(RECORDS TO USE)
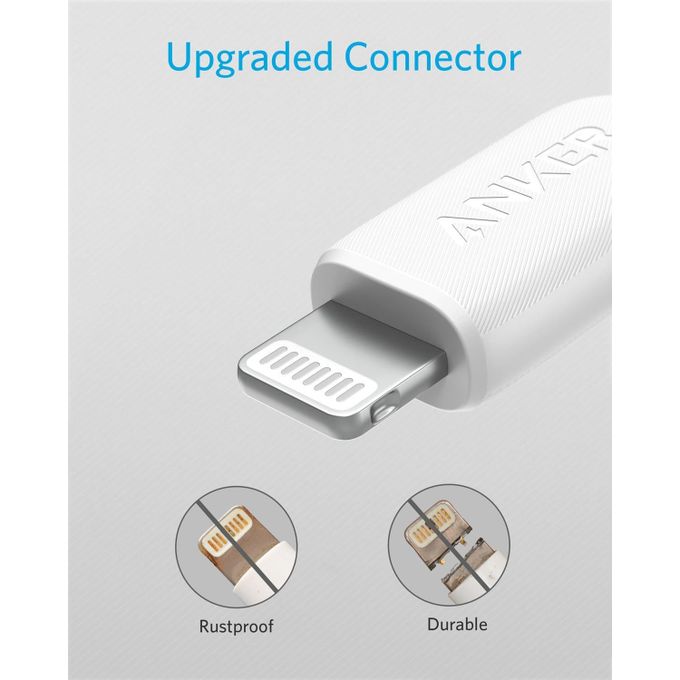 Anker A8813H21 Powerline III USB-A Cable With Lighing Connector 6ft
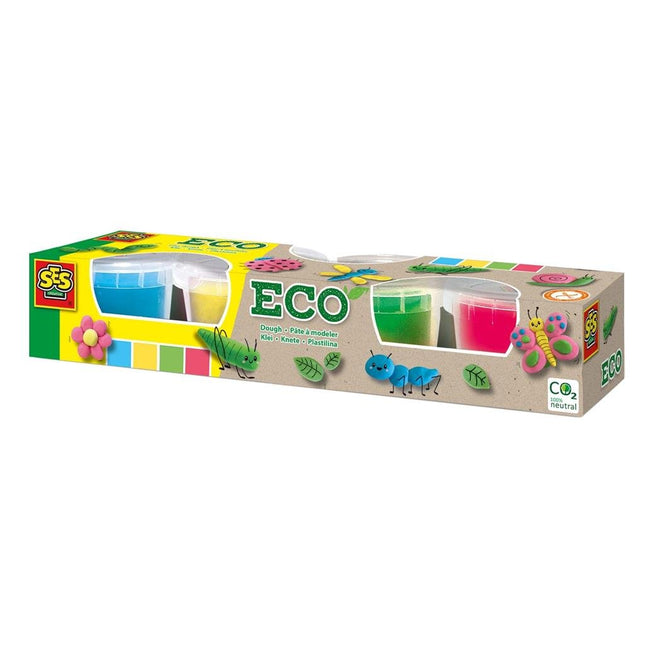 Ses 24911 Eco Klei 4x90gr - Babywinkel - 8710341249113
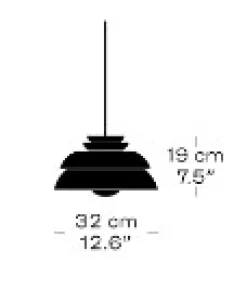 Fritz Hansen - Loftlampe - Concert - Sort - P1 Small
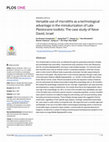 Research paper thumbnail of Versatile use of microliths as a technological advantage in the miniaturization of Late Pleistocene toolkits: The case study of Neve David, Israel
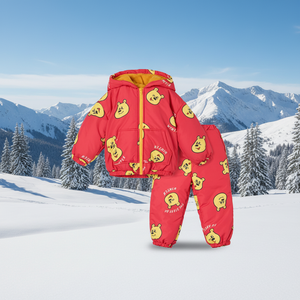 Traje de Esquí OZKIZ Coreano para Niños, con Estampado de Oso, Ropa de Invierno para Niños de 2 a 6 Años, Aislamiento Sintético, Moda Infantil al por Mayor - Product Image 2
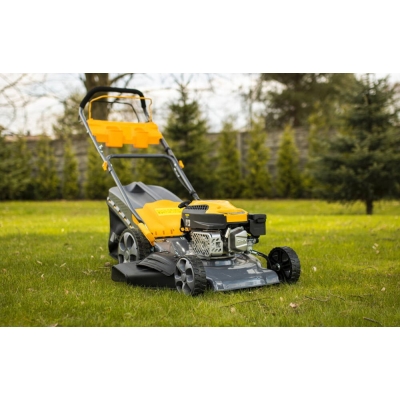 POWERMAT PM-KSS-5S - KOSIARKA SPALINOWA PM-KSS-5S Z NAPĘDEM 5KM 40L 5W1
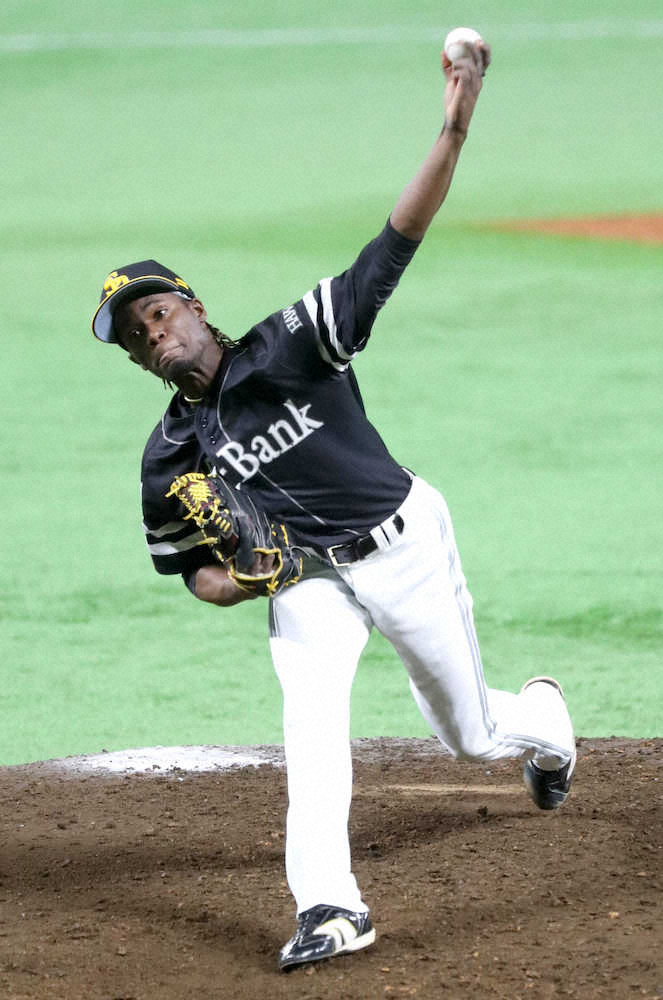 【画像・写真】ソフトバンク・モイネロ　CSへ紅白戦で上位打線を3人でピシャリ「状態も確認できた」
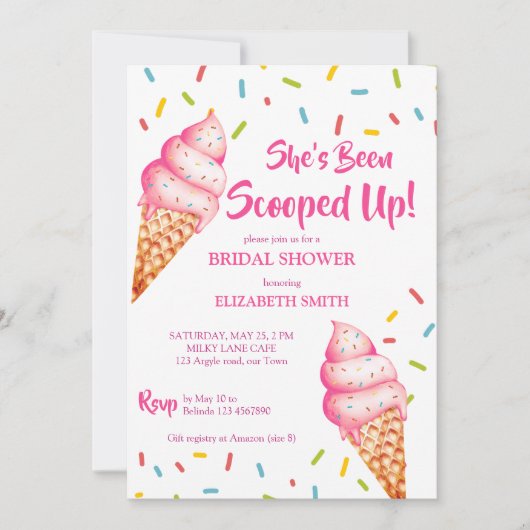 Ze is opgevoed met ijs vrijgezellenfeest kaart (Voorkant)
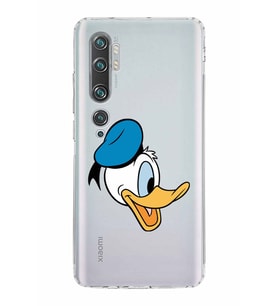 Xiaomi  Mi Note 10 Pro  Kamera Korumalı Kapak Donald Duck Tasarımlı Şeffaf  Kılıf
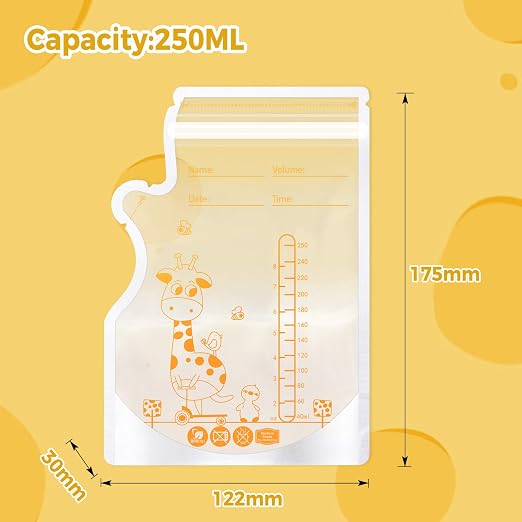 Oderra 250ml Breast Milk Storage Bags 25PCS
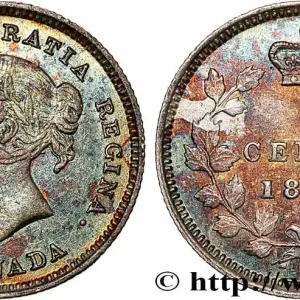 Expédié Aujourd’hui CANADA 5 Cents Victoria 1891 fwo_783706 Monde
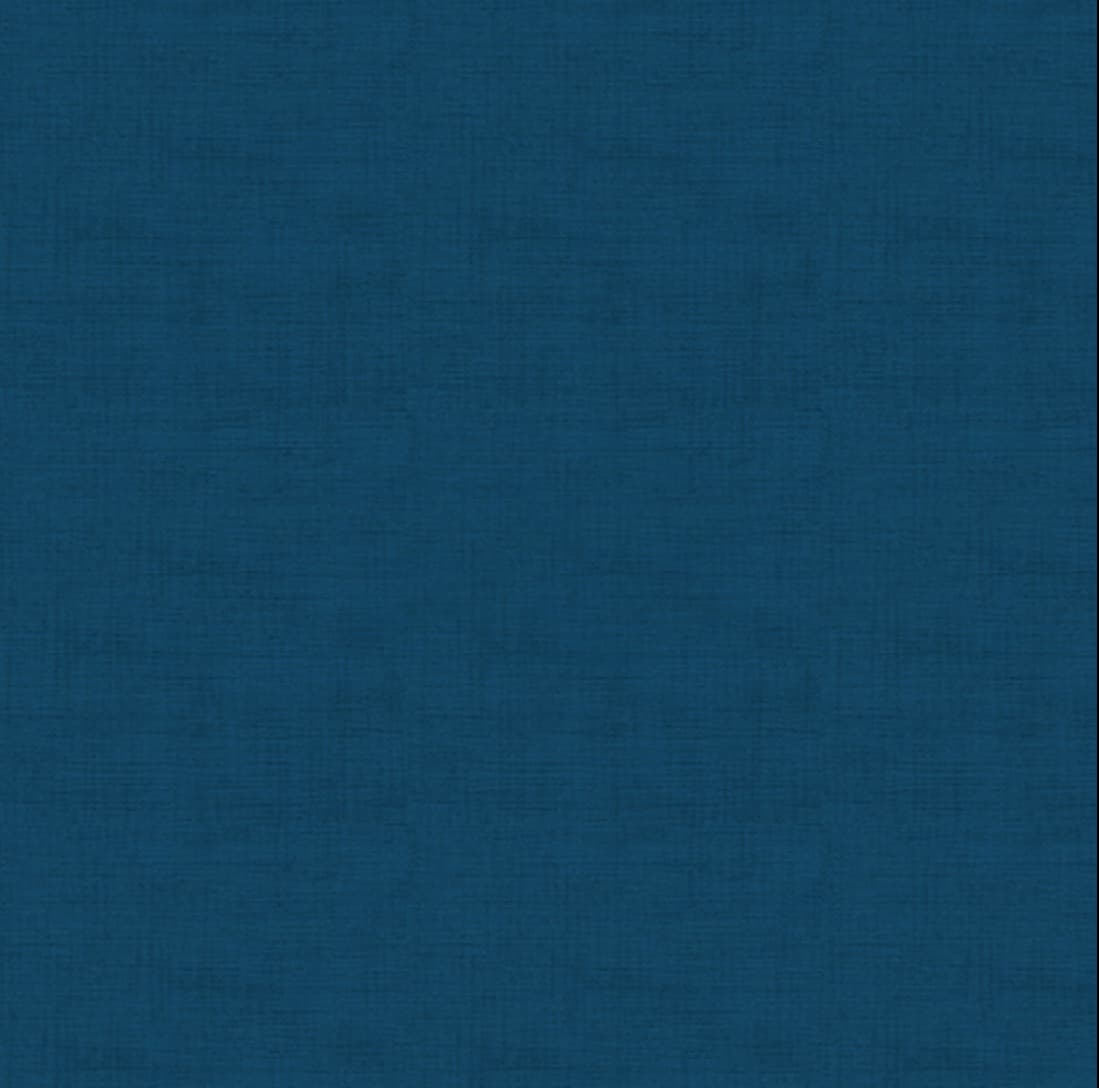 Linen Texture 1473B9 Marine Blue Plain by Makower fabric Linen Texture 1473B9 Marine Blue Plain by Makower fabric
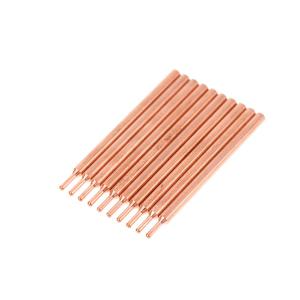 10개입 3MM 보라색 구리 산화물 전극 헤드 18650 파워 배터리 이중 헤드 스팟 용접 니들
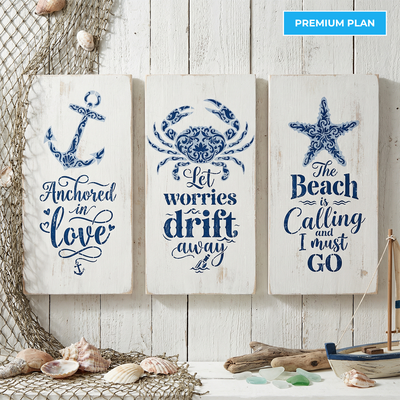April 2026: Coastal Chinoiserie 12"x16" 3pk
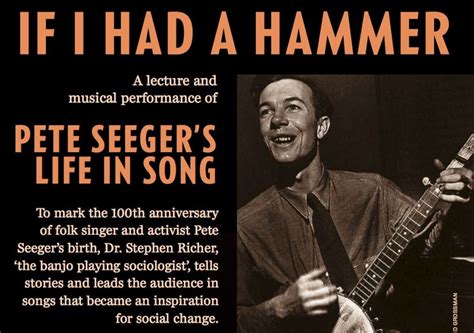 If I Had a Hammer: Pete Seeger’s Life in Song || Teatro Santa Ana at La Biblioteca | Discover ...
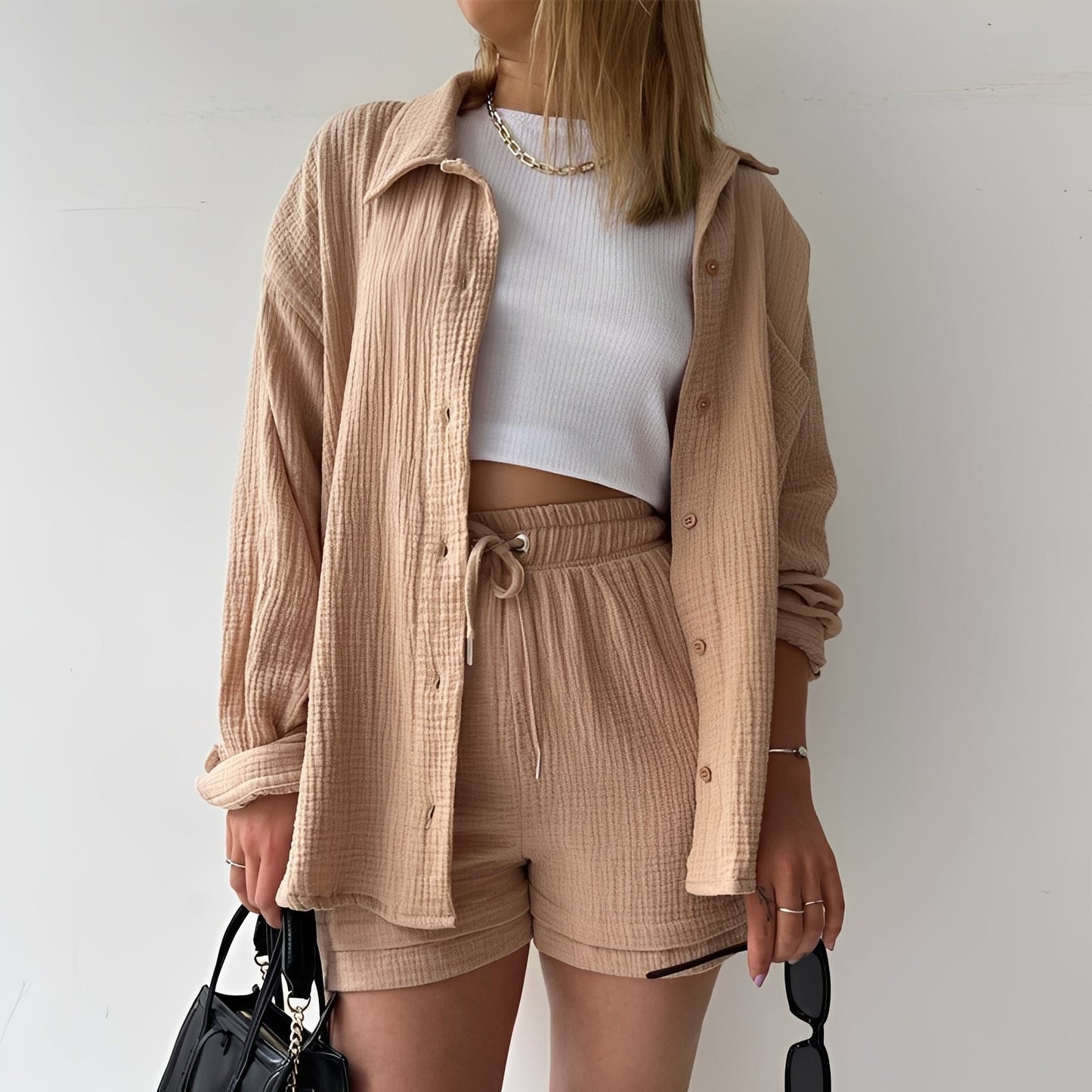 Alisha - Comfortable 2-Piece Long Sleeve Set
(End RECORDS TO USE)
[AIM OF THE TASK] What you return should match the material line for line, with the images removed.

[FINAL ANSWER]
 Anker A8813H21 Powerline III USB-A Cable With Lighing Connector 6ft
 Ses 24911 Eco Klei 4x90gr - Babywinkel - 8710341249113
 Fritz Hansen - Loftlampe - Concert - Sort - P1 Small
 Research paper thumbnail of Versatile use of microliths as a technological advantage in the miniaturization of Late Pleistocene toolkits: The case study of Neve David, Israel
 Traje de Esquí OZKIZ Coreano para Niños, con Estampado de Oso, Ropa de Invierno para Niños de 2 a 6 Años, Aislamiento Sintético, Moda Infantil al por Mayor - Product Image 2
 POWERMAT PM-KSS-5S - KOSIARKA SPALINOWA PM-KSS-5S Z NAPĘDEM 5KM 40L 5W1
 【画像・写真】ソフトバンク・モイネロ　CSへ紅白戦で上位打線を3人でピシャリ「状態も確認できた」
 Ze is opgevoed met ijs vrijgezellenfeest kaart (Voorkant)
 Xiaomi  Mi Note 10 Pro  Kamera Korumalı Kapak Donald Duck Tasarımlı Şeffaf  Kılıf
 Oderra 250ml Breast Milk Storage Bags 25PCS
 Expédié Aujourd’hui CANADA 5 Cents Victoria 1891 fwo_783706 Monde
 Linen Texture 1473B9 Marine Blue Plain by Makower fabric Linen Texture 1473B9 Marine Blue Plain by Makower fabric
 10개입 3MM 보라색 구리 산화물 전극 헤드 18650 파워 배터리 이중 헤드 스팟 용접 니들
April 2026: Coastal Chinoiserie 12"x16" 3pk
 If I Had a Hammer: Pete Seeger’s Life in Song || Teatro Santa Ana at La Biblioteca | Discover ...
 Alisha - Comfortable 2-Piece Long Sleeve Set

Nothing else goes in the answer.